# Help School Me About Working Lines (moved to bloodlines and pedigrees)



## John C. (Mar 6, 2013)

I know this is too broad a topic to be thoroughly covered in a single thread, but I'm hoping some of the more knowledgeable breeders can at least give me a quick overview. You sometimes see discussions where a breeder will make comments about really liking this line or not liking that one. And there are a couple of well known stud dogs that even I've heard of - e.g Fero.

But I've never seen any real discussions of what are the major breeding lines - or how they are different. No one ever seems to say why they like x line, but not y line? So what qualities does Fero, or some other well known producer impart that makes there progeny so desireable? Having some knowledge of the breeding lines being used would be helpful in selecting a breeder. This is particularly tue since there seems to be a fairly limited range of adjectives all breeders use to describe temperments. When was the last time you saw a breeder who didn't breed "stable", "clear headed " and "solid" dogs?


----------



## Jax08 (Feb 13, 2009)

good discussion here
https://www.facebook.com/groups/100827050053129/


----------



## Prima (Jan 19, 2014)

I am not a breeder. However, I think for the more conscientious breeders, using lines from progenitors that tended to throw certain qualities- are what they seek in molding the next generation.

For top tier sport dogs, it is as if you cannot get away from certain names not too far back in the pedigree. Is this blind luck? For lesser known working dogs, there are also qualities that tend to surface using particular lines, reliably.

I think perhaps breeders don't speak of this in any great detail because it is the art of what they do- like a working chef giving out the intricate details of his most beloved dish would be unlikely. I also think of breeding much like the artistry and science of winemaking, and we know not all wines are to everyone's tastes.

The interesting thing for enthusiasts of the German shepherd dog is that we have a solid history of documented quantitative and qualitative information on our beloved dogs to turn to.


----------



## RubyTuesday (Jan 20, 2008)

> When was the last time you saw a breeder who didn't breed "stable", "clear headed " and "solid" dogs?


Frankly, one sees it all the time. I've never seen a breeder claim to be breeding unhealthy, wonky, feeble minded dogs.
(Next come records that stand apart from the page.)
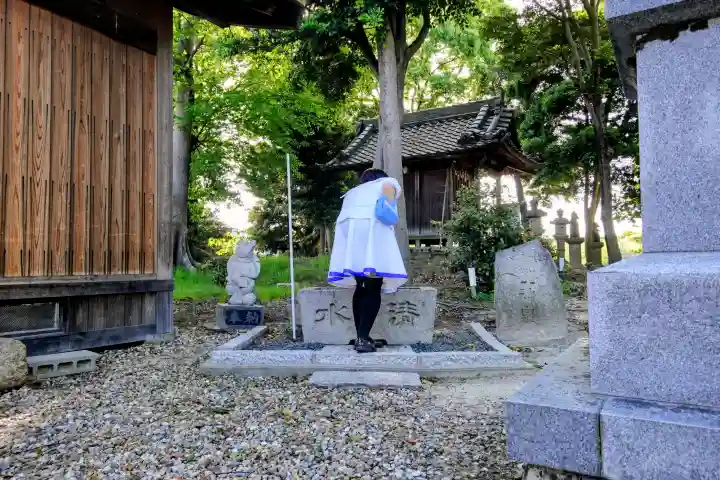 神明社(下佐々木町)の{uncategorized: "未分類", other: "その他", undefined: "問題あり", building: "その他建物", grave: "お墓", sacred_gate: "鳥居", guardian: "狛犬", statue: "像", buddha: "仏像", history: "歴史", nature: "自然", garden: "庭園", animal: "動物", pagoda: "塔", temizu: "手水舎", mountain_gate: "山門・神門", sanctuary: "本殿・本堂", subordinate: "末社・摂社", art: "芸術", scenery: "景色", jizo: "地蔵", ema: "絵馬", goshuin: "御朱印", omikuji: "おみくじ", items: "授与品その他", amulet: "お守り", goshuincho: "御朱印帳", eats: "食事", festival: "お祭り", votive_dance: "神楽", shichigosan: "七五三参", wedding: "結婚式", experience: "体験その他", initially: "初詣", around: "周辺", anti_infection: "感染症対策"}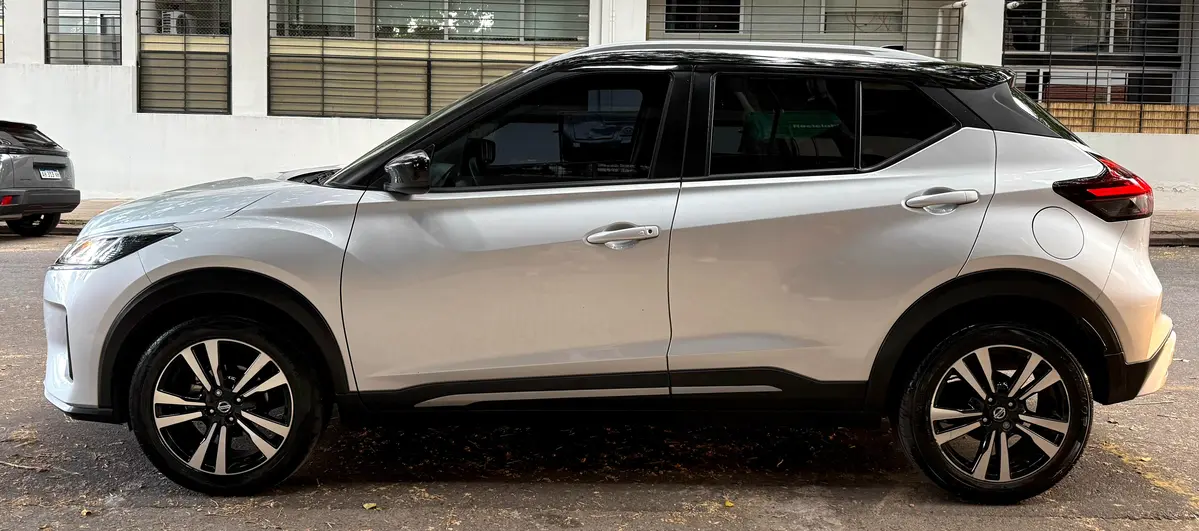 Mira esta publicación de Nissan Kicks 2022 en Motordil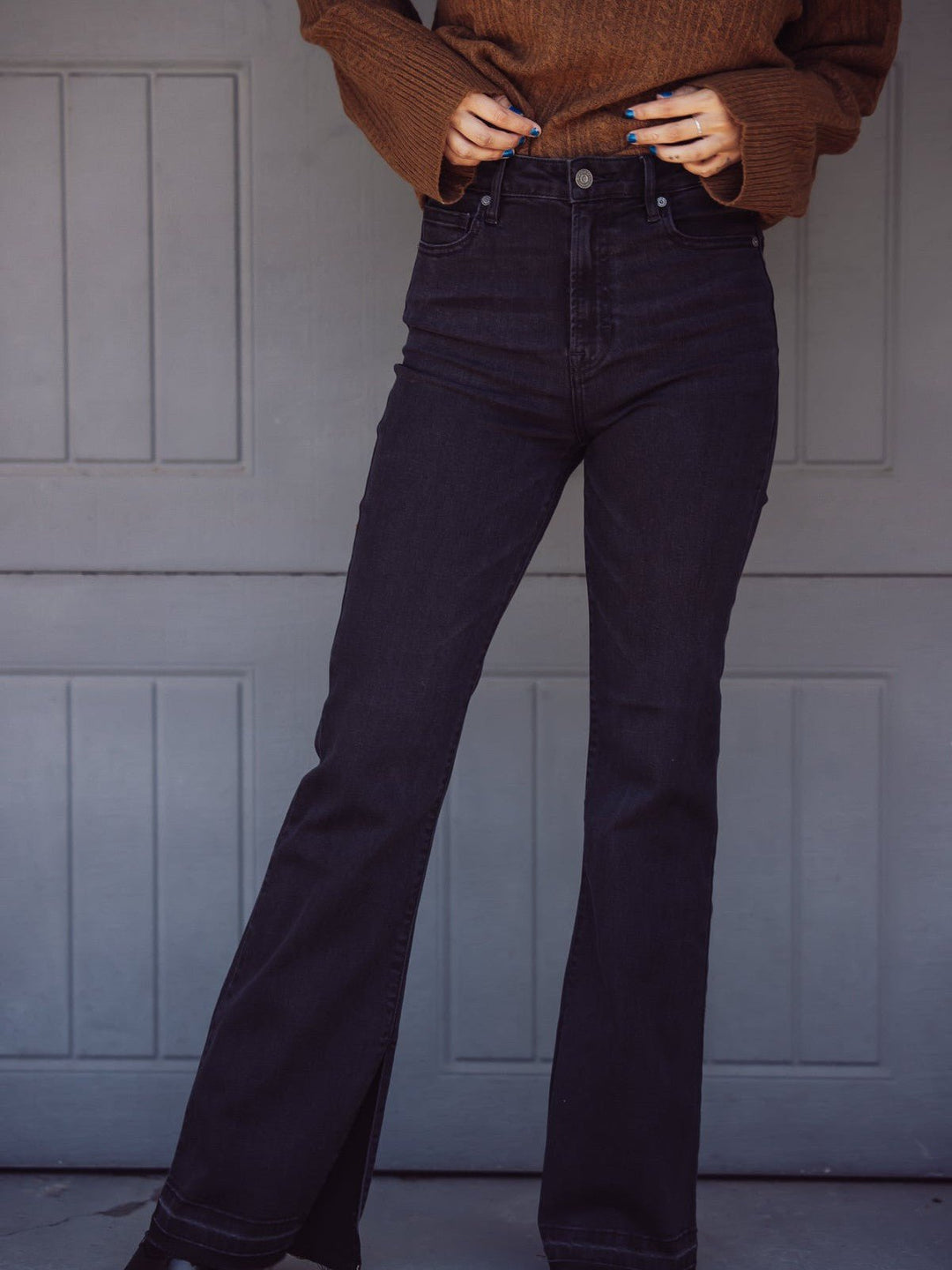 HIDDEN JEANS Happi Side Slit Flare Jeans - Black - Jayden P Boutique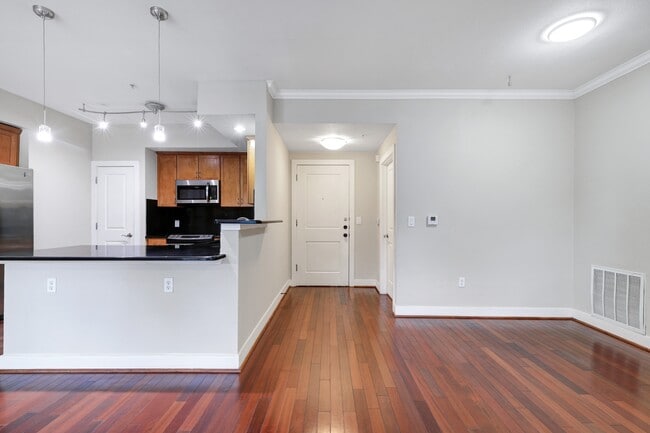 7342 Oak Manor Dr in San Antonio, TX - Building Photo - Building Photo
Unfortunately, what breeders _claim_ or _admit_ & what they _actually produce_ can be miles apart.

In many of the breeder discussion threads you'll see experienced, knowledgeable breeders expounding on what they seek to get or avoid from particular dogs & lines, ie so&so is known to improve hips...or one would expect to see good aggression with lower threshholds in such&such.
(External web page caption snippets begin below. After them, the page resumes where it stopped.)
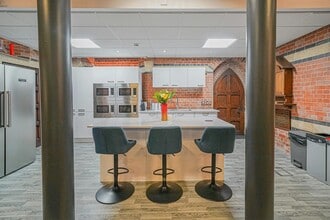 Chapel Ln, Wythall à louer Photo intérieure- Image 1 de 8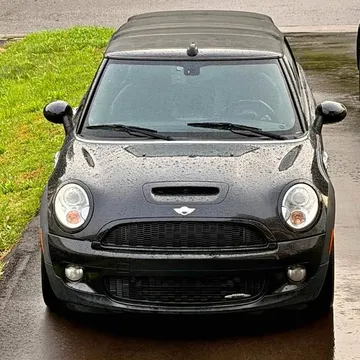 2010 MINI Convertible JCW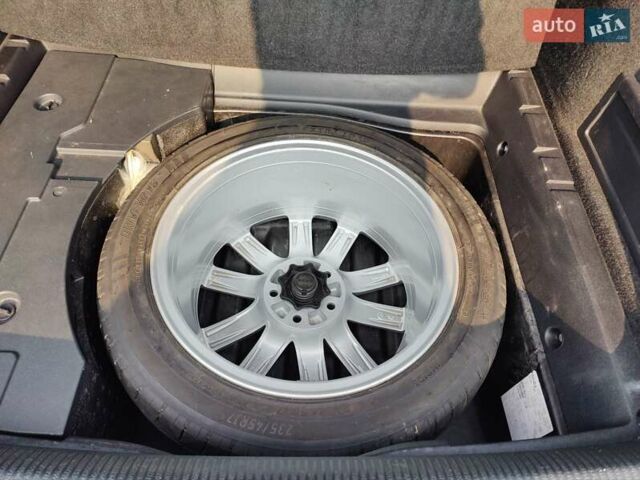 Сірий Фольксваген Пассат, об'ємом двигуна 1.97 л та пробігом 296 тис. км за 11600 $, фото 39 на Automoto.ua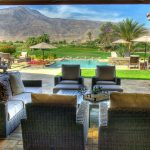 Here’s How to Have a Beautiful Outdoor Dining Area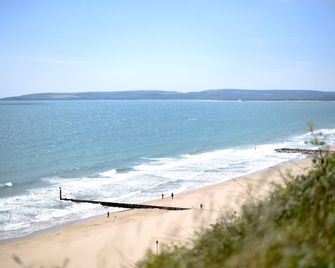 The Riviera Hotel & Apartments - Alum Chine - Bournemouth - Beach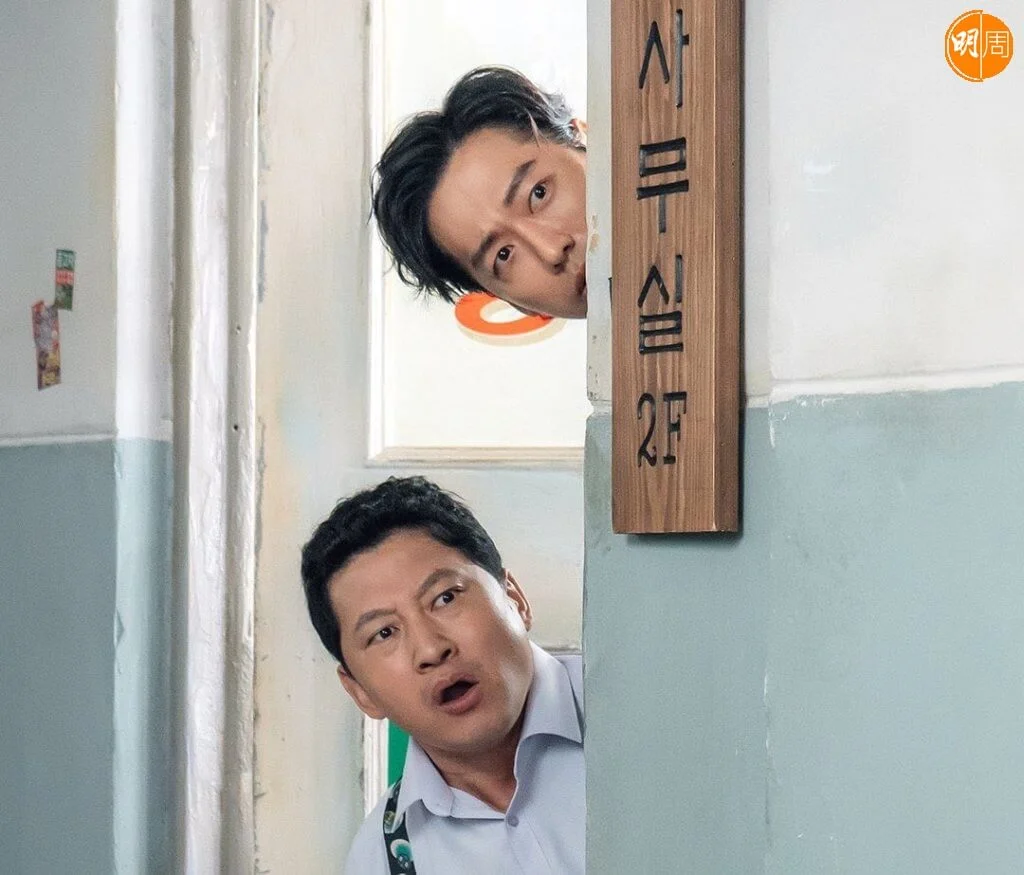 千智勳與助手(朴真宇飾)辦案手法另類搞笑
I don't breed & don't plan to, so while I find that info interesting, what is more important to me is what qualities a breeder seeks to produce or avoid. Personally, I'd never use a breeder that bred an unapproachable dog. Nor do I want one that's enamored of high reactivity, lower threshholds or over the top suspicion. Breeders who value judgment, confidence, reliability, a rapport with children & biddability resonate with me.


----------



## John C. (Mar 6, 2013)

Ruby Tuesday, that's what I meant to say - every website I've visited, seems to make similar CLAIMS: all their breeding stock are clear headed and stable and produce wonder pups that can do it all. Sometimes you have to really read between the lines of their website (or know about the breeding lines they are using) to understand what drives and qualities they are trying to emphasize. I know in a perfect world you'd visit each breeder, observe his breeding stock, check out a few puppies, and speak to other people who own his dogs, but sometimes that's not practical.


----------



## martemchik (Nov 23, 2010)

The problem is that sometimes too much weight is put onto how big a factor the pedigree is. Truth be told, 99% of breeders have never seen many of the "big boys" work and have just heard/learned that this dog brings this or that dog brings that. If you've got Fero, 6 generations back, that means he's one of 126 dogs that had some genetic affect on that dog...what are the chanaces that the only reason that dog is X is because of that one dog?
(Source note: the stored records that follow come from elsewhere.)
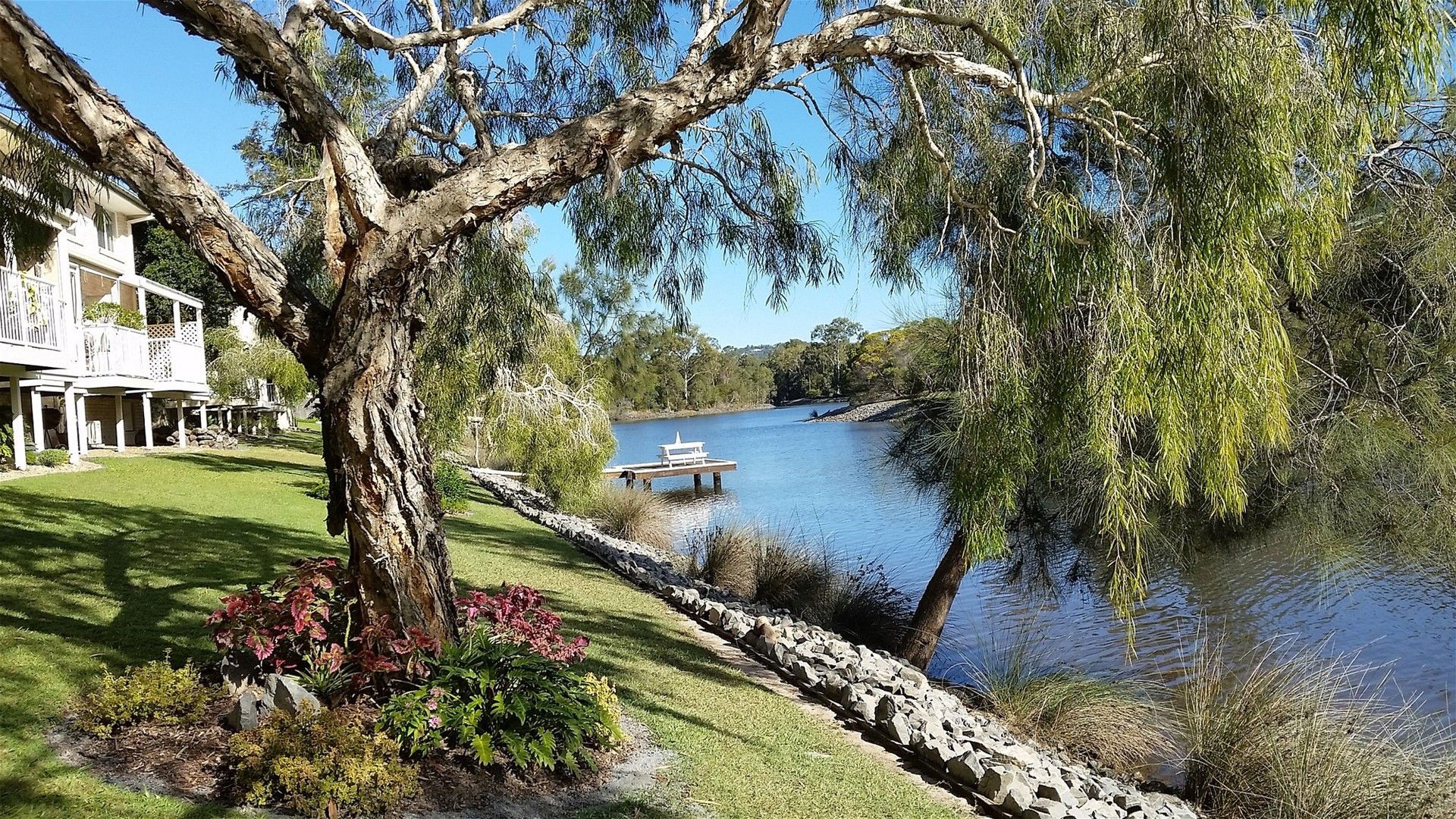 3 bedrooms Townhouse in 84 Cumberland Drive VARSITY LAKES QLD, 4227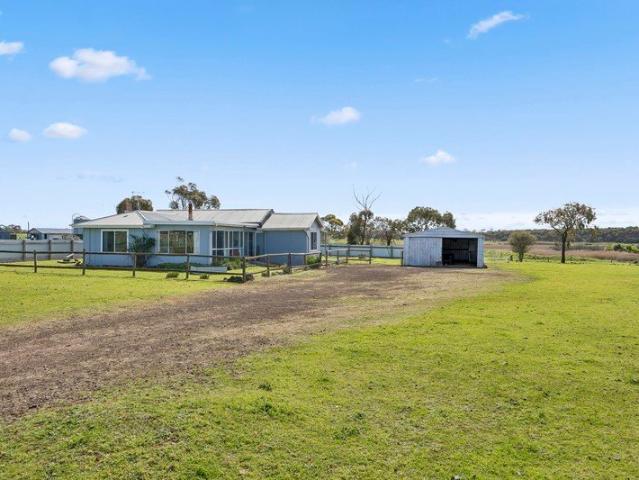 Peaceful Rural Living with Space & Views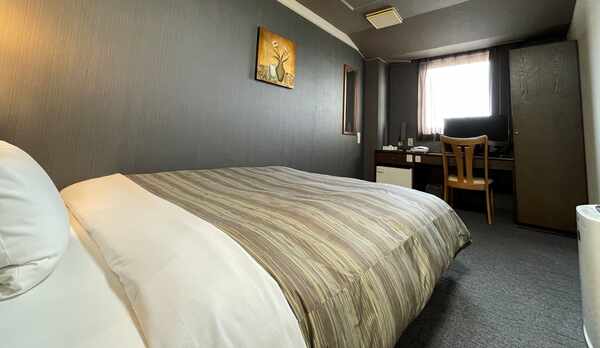 【シングルルーム】ベッド幅：140cm　広さ：14㎡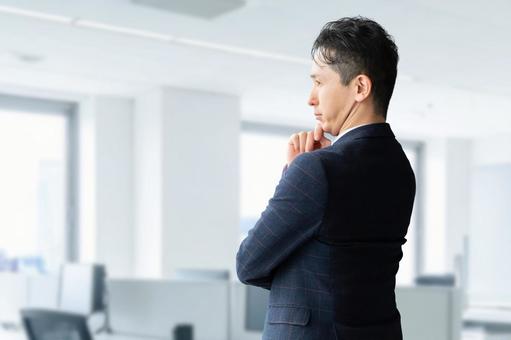 考えごとをする男性ビジネスマン 男性,考える,悩むの写真素材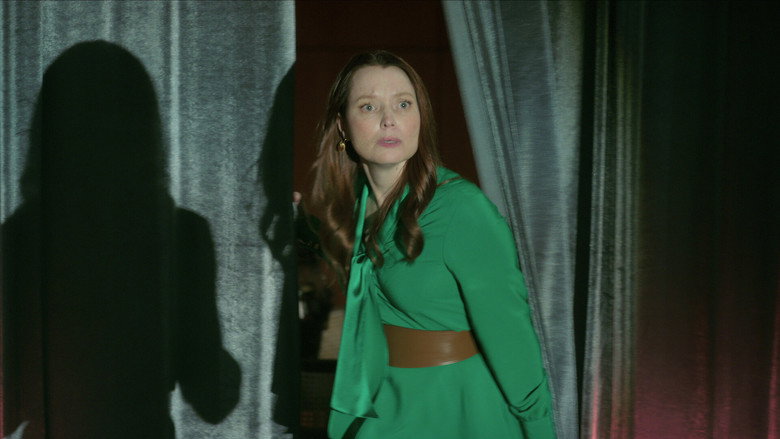 Still from The Fall of the House of Usher - Season 1 Episode 6
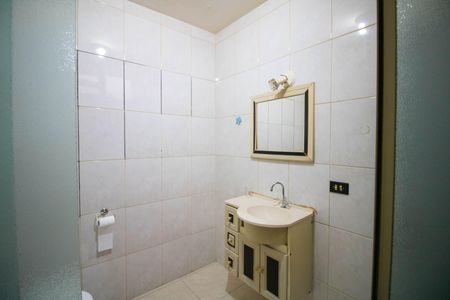 Casa para alugar com 130m², 2 quartos e 1 vaga Casa para alugar com 130m², 2 quartos e 1 vagaBanheiro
Anytime you hear that kind of advice. Dog X brings Z. Dog Y brings W. It's a best guess. It has probably shown up some, and has a decent correlation, but its not 100% fact or guarantee. I think unless you're looking for one particular trait, no one can really cover everything that's possible because different dogs are in the pedigree. I think that as someone that is a novice in reading pedigrees, and possibly a novice in dog sport or dog work, the best we can do is meet the breeder and trust that they know what they're doing. Hopefully the breeder is doing what you want to do with your dogs and therefore you can see that the traits you're looking for are coming through in their lines.


----------



## RubyTuesday (Jan 20, 2008)

Often it seems that pedigrees have a 'backwards' usefulness, ie a dog exhibits reactivity & fear aggression & people perusing the pedigree state that's probably coming from...Naturally, backwards usefulness is inheritantly limited.

In Irish Wolfhounds much of the dog aggression seen in the breed is 'credited' to a particular sire who was used extensively b/c he was an eyeful & had very nice movement. Even back when it was happening many old timers felt it was a mistake to overlook his aggression issues & breed to him so heavily.


----------



## RubyTuesday (Jan 20, 2008)

John, one of the big things people need to know is exactly what they want & why. Too many people allow themselves to be spoonfed someone else's version of what they're looking for without really grasping what that even is. People with families, especially those with children, need to be uber careful to seek what will work best for their circumstances.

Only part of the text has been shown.